今日、シスターから荷物が届いた。 贈られたけど袖を通していない服があるから、よかったら、と、冬物の服でした。 もし着ないようだったら、と、送り返すための送料まで同封して。 いつもながら、こまやかなお心遣い。いたみいります。 そして、短いお手紙。
「19日に終業式を済ませ、今はお休みでやっと一息つき整理をはじめました。 そろそろ人生の終わりの・・・です。 でもまだちょっと雑用はあるようですが・・・。」
なにをおっしゃるんですか、シスター!! まだまだずーっとずーっと先のことですよ。 私が結婚して、子どもを産んで、その子が成長するまで見守っていてくれなきゃダメです!

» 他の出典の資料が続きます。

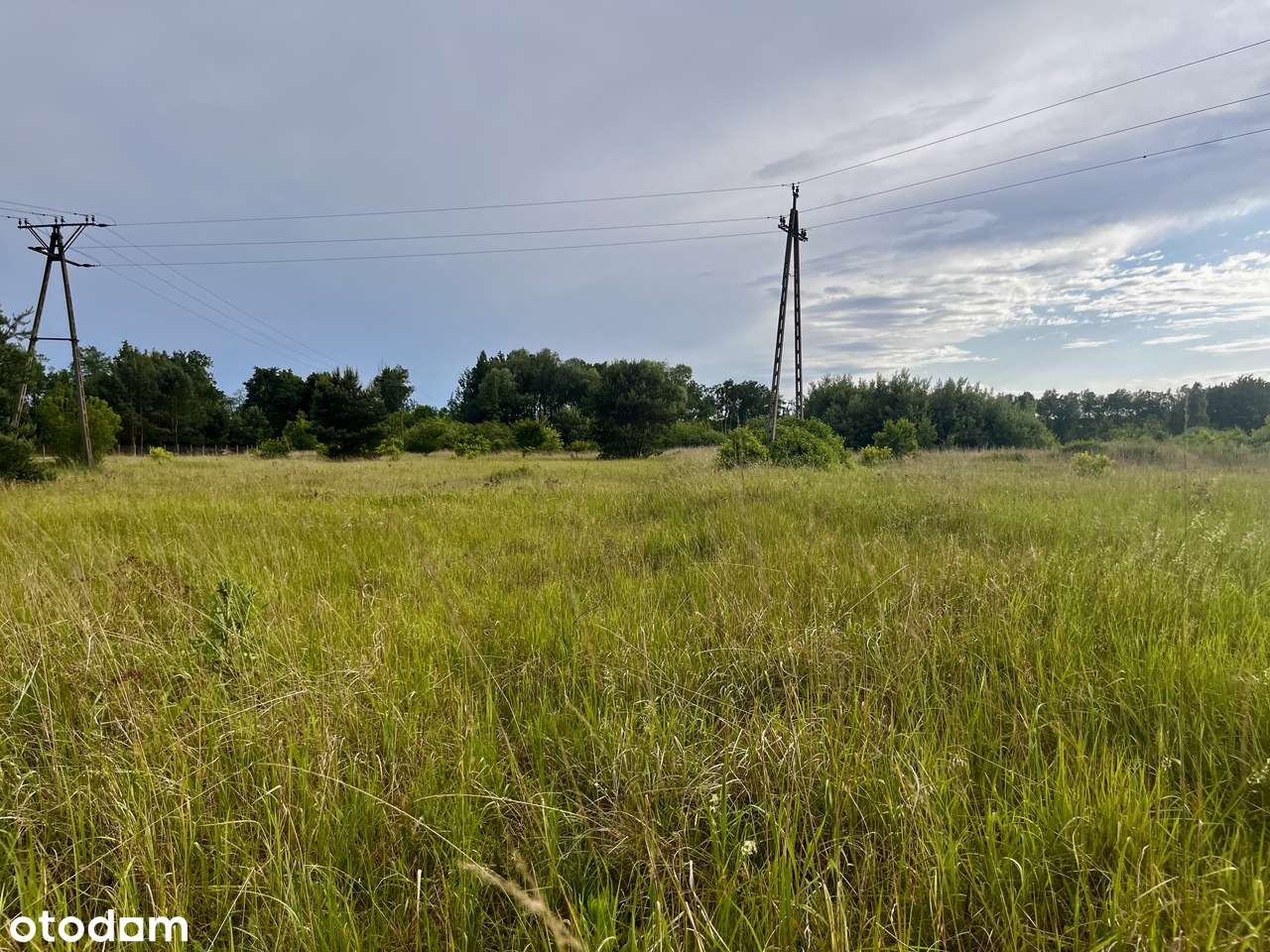 Działka mieszkalno-usługowa| 9232 m²| Wąsosz, powiat górowski - Pełny obrazek: 4/7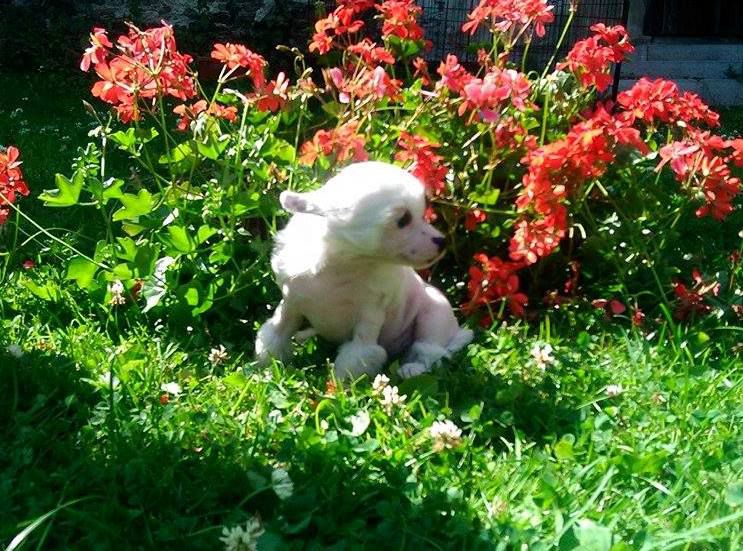 Francesca z Úpatí Hor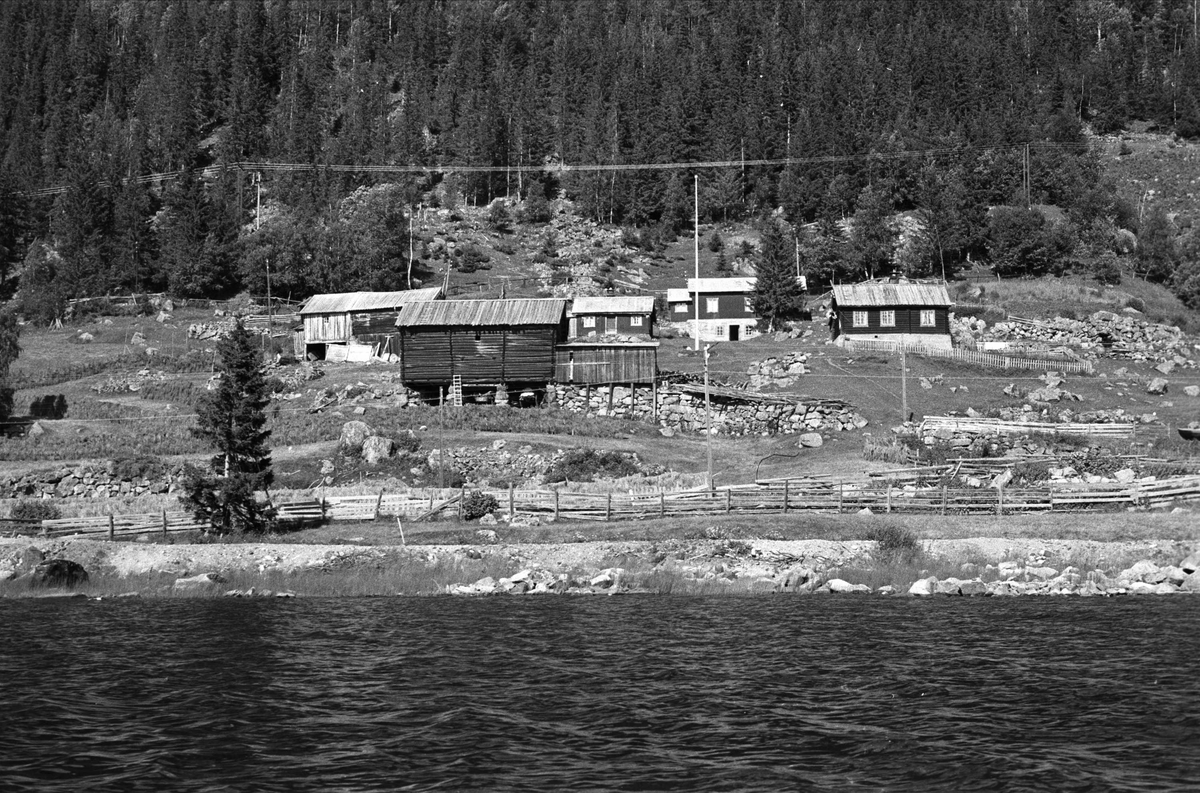 Nedplukking av løe fra Holshagen, Hol i Hallingdal, Buskerud.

シスターにとっては、死ぬことは神のもとへ召されることなのですから、幸せなのでしょうが、残されるほうの身にもなってください。 人が死ぬということはどういうものであれ、やりきれません。 私はどうも死について too much sensitiveなのかもしれません。
今日、同僚の先生のおばあさんが亡くなられました。 本人も、職場だし、ごく淡々と、休む間の授業の準備や連絡をしていたのですが、それでも、きっと心中では悲しみにくれているんだろうなあ、と思ったら、なんか、涙がでてしまった。